Em um breve futuro, quase tudo será data-driven. Nesse contexto, há pouco (ou nenhum) espaço para o achismo — medidas serão tomadas baseadas em dados. A consequência da medida vai gerar mais dados e assim por diante. Esse futuro é promissor, é claro, mas não está imune a falhas, problemas e perigos. Compreender como diferentes áreas vão lidar com o data-driven é interessante para juntar todas as peças do quebra-cabeça dos dados. Este artigo no The Economist mostra como o data-driven pode afetar um dos setores mais importantes da sociedade: a segurança e o policiamento.

Andrew Ferguson, que foi defensor público e hoje é professor na Univerdade de Columbia, escreveu um artigo chamado “The Rise of Big Data Policing“, em que explica como a inovação chega ao setor de segurança pública.

Para a The Economist, Andrew explica que a polícia sempre usou dados, mas agora há a possibilidade de usá-los de maneira mais assertiva, de maneira que policiais ajam de maneira mais proativa. “Novas fontes de dados aliadas à análise preditiva agora permitem que a polícia visualize o crime de maneira diferente, visando bloqueios individuais, indivíduos em risco e gangues de maneiras inovadoras”, diz. “Novas tecnologias de vigilância permitem que a polícia mapeie movimentos físicos, comunicações digitais e associações suspeitas de maneiras que possam revelar padrões previamente ocultos de atividades criminosas em quantidades excessivamente grandes de dados”, completa.

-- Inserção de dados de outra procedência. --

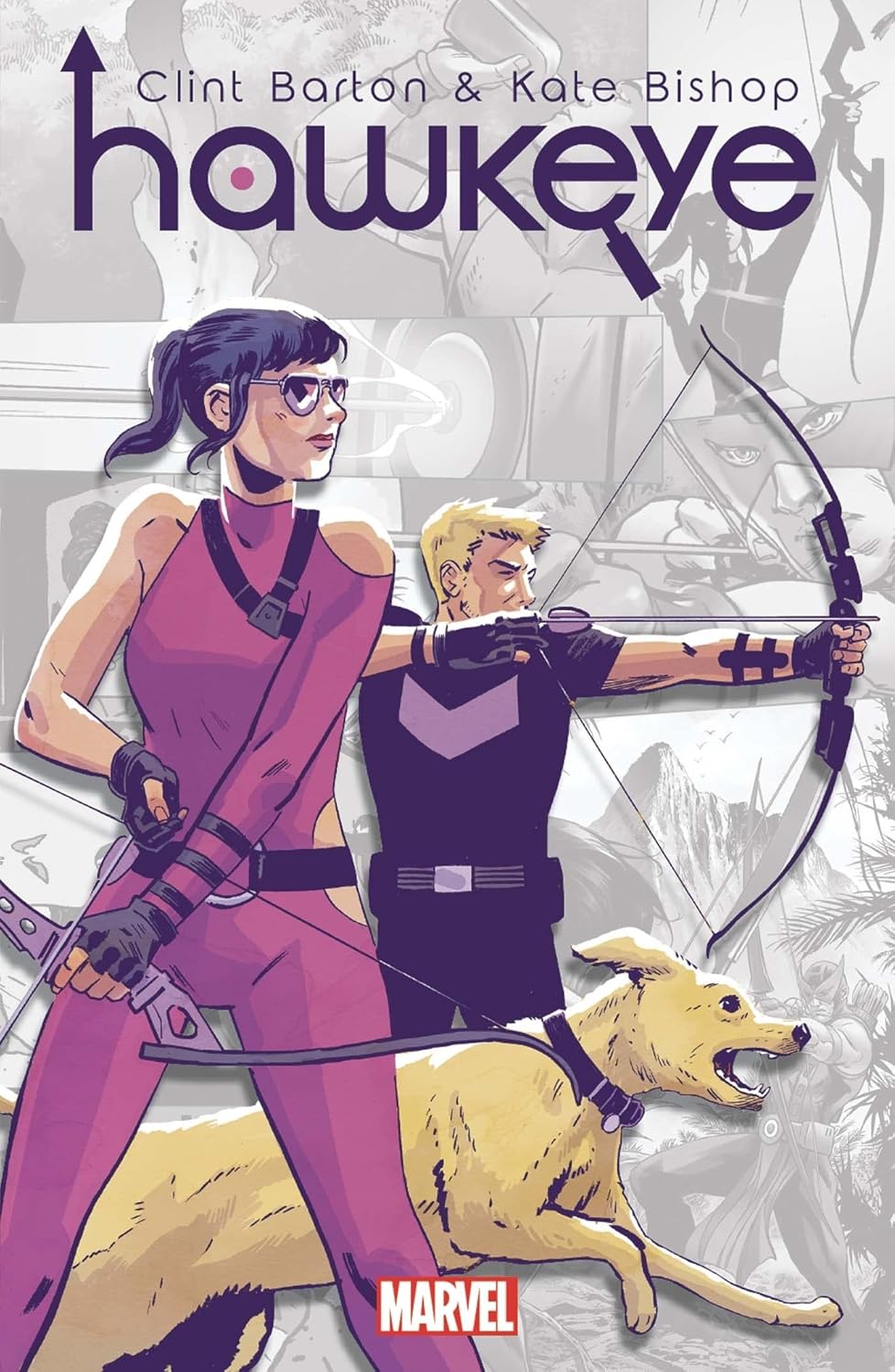 Marvel-Verse: Hawkeye (PANINI)
Marvel-Verse: Hawkeye (PANINI)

Tudo parece ótimo para garantir a segurança dos cidadãos, mas o debate acaba sendo aquele de sempre: até que ponto é válido analisar dados e mais dados de pessoas em busca da segurança? A palavra em questão é, mais uma vez, ela: a privacidade. “Todas essas informações podem ser bastante úteis para a aplicação da lei, buscando rastrear elementos criminosos na sociedade. A mesma tecnologia também pode ser bastante ameaçadora para as liberdades civis e a privacidade pessoal em comunidades já super-policiadas”, diz Andrew.

Em relação aos riscos do uso dessas plataformas e dados, Andrew deixa claro que “são vários”. “Primeiro, dados podem distorcer a polícia”, diz. “Policiais podem ir para uma área que está marcada como um risco de um crime violento pode fazer uma abordagem rotineira como mais perigosa, o que torna mais provável o uso de força”, diz. Outro problema é o mais óbvio e que citamos acima: a privacidade. “Mesmo com o melhor uso possível, policiais tem acesso a muitas informações pessoais de quem não é suspeito de nenhum crime”, diz. Por último, há um problema que costuma ser um dos principais em qualquer contexto data-driven: a falta de refinamento dos dados, o que pode causar algum viés ou preconceito que pode comprometer toda uma operação policial.

No caso, esses possíveis erros de quem usa o data-driven vão muito além de lançar uma campanha errada de marketing. Abuso policial e até mesmo prisões injustas podem acontecer. “A hora de agir contra a ameaça da polícia big-data é agora”, diz Andrew. “Qualquer cidade deveria ter uma clara política para detalhar o uso de novas tecnologias big-data”, completa. Para o professor, deve existir uma educação a todo cidadão em relação à privacidade, liberdade e desequilíbrio de poder que as tecnologias de vigilância trazem.”Educação, empoderamento e engajamento são as únicas proteções contra um sistema de vigilância data-driven invasivo”, conclui.